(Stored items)
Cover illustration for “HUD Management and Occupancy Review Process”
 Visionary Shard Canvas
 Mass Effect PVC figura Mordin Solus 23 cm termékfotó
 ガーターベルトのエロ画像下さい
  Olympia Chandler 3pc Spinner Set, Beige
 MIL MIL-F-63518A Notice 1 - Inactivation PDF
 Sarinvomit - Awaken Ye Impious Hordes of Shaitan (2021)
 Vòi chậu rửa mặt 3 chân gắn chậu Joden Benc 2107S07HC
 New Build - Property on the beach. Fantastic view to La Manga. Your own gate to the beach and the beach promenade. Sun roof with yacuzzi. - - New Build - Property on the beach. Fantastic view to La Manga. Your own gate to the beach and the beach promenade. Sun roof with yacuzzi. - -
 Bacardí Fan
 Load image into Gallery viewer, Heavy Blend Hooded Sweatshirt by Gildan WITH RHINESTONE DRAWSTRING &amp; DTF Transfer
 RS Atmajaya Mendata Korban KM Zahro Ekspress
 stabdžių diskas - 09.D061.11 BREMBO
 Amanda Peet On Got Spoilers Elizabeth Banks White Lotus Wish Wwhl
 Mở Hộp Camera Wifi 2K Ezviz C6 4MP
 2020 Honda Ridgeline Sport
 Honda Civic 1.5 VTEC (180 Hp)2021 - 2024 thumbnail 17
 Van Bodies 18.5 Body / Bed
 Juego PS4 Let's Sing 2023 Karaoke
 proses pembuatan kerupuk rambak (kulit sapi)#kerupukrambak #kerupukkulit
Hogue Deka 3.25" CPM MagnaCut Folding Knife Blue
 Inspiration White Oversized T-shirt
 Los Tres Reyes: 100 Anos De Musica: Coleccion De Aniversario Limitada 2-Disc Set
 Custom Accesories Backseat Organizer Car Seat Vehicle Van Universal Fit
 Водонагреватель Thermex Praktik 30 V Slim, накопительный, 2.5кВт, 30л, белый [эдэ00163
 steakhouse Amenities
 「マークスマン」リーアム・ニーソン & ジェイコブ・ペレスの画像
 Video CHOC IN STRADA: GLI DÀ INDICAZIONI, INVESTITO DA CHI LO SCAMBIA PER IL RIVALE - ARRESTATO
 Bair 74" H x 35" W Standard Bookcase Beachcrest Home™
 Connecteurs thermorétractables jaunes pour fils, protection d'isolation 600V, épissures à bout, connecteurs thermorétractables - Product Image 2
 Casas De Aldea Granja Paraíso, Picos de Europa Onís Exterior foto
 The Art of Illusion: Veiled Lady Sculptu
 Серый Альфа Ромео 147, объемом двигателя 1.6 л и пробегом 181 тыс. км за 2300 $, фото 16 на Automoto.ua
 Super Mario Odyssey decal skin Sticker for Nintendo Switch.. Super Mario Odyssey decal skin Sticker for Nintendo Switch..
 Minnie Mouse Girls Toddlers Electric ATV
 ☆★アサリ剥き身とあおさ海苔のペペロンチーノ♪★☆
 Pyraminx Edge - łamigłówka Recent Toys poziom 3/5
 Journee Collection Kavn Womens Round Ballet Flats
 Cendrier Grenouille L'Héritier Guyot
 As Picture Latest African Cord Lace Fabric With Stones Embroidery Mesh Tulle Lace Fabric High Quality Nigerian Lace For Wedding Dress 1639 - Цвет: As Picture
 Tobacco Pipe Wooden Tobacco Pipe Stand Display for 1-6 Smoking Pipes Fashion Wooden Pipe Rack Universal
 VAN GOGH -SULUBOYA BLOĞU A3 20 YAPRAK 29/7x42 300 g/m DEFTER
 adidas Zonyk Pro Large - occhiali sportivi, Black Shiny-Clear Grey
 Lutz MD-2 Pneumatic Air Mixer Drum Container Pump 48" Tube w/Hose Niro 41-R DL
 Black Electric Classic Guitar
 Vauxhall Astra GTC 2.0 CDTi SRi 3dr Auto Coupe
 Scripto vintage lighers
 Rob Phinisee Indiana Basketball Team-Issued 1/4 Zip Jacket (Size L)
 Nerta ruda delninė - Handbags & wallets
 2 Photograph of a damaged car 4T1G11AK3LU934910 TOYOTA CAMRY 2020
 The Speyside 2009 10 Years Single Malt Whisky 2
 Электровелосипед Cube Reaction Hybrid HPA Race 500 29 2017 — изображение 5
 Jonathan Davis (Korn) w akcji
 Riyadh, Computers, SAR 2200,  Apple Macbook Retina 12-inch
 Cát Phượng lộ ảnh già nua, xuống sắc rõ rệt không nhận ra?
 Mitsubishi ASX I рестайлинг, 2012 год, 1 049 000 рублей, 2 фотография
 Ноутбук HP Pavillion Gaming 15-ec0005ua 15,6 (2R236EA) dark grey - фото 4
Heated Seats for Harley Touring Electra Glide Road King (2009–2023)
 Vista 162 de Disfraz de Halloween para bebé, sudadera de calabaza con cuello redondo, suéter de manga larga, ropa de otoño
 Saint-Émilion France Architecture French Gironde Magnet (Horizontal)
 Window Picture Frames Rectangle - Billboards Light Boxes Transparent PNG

(WHAT TO WORK ON):
Write out only those lines of the entries that lie between the line containing "Электровелосипед Cube Reaction" and the last line, inclusive, reproducing them exactly.

(SOLUTION FOR THIS EXERCISE):
 Электровелосипед Cube Reaction Hybrid HPA Race 500 29 2017 — изображение 5
 Jonathan Davis (Korn) w akcji
 Riyadh, Computers, SAR 2200,  Apple Macbook Retina 12-inch
 Cát Phượng lộ ảnh già nua, xuống sắc rõ rệt không nhận ra?
 Mitsubishi ASX I рестайлинг, 2012 год, 1 049 000 рублей, 2 фотография
 Ноутбук HP Pavillion Gaming 15-ec0005ua 15,6 (2R236EA) dark grey - фото 4
Heated Seats for Harley Touring Electra Glide Road King (2009–2023)
 Vista 162 de Disfraz de Halloween para bebé, sudadera de calabaza con cuello redondo, suéter de manga larga, ropa de otoño
 Saint-Émilion France Architecture French Gironde Magnet (Horizontal)
 Window Picture Frames Rectangle - Billboards Light Boxes Transparent PNG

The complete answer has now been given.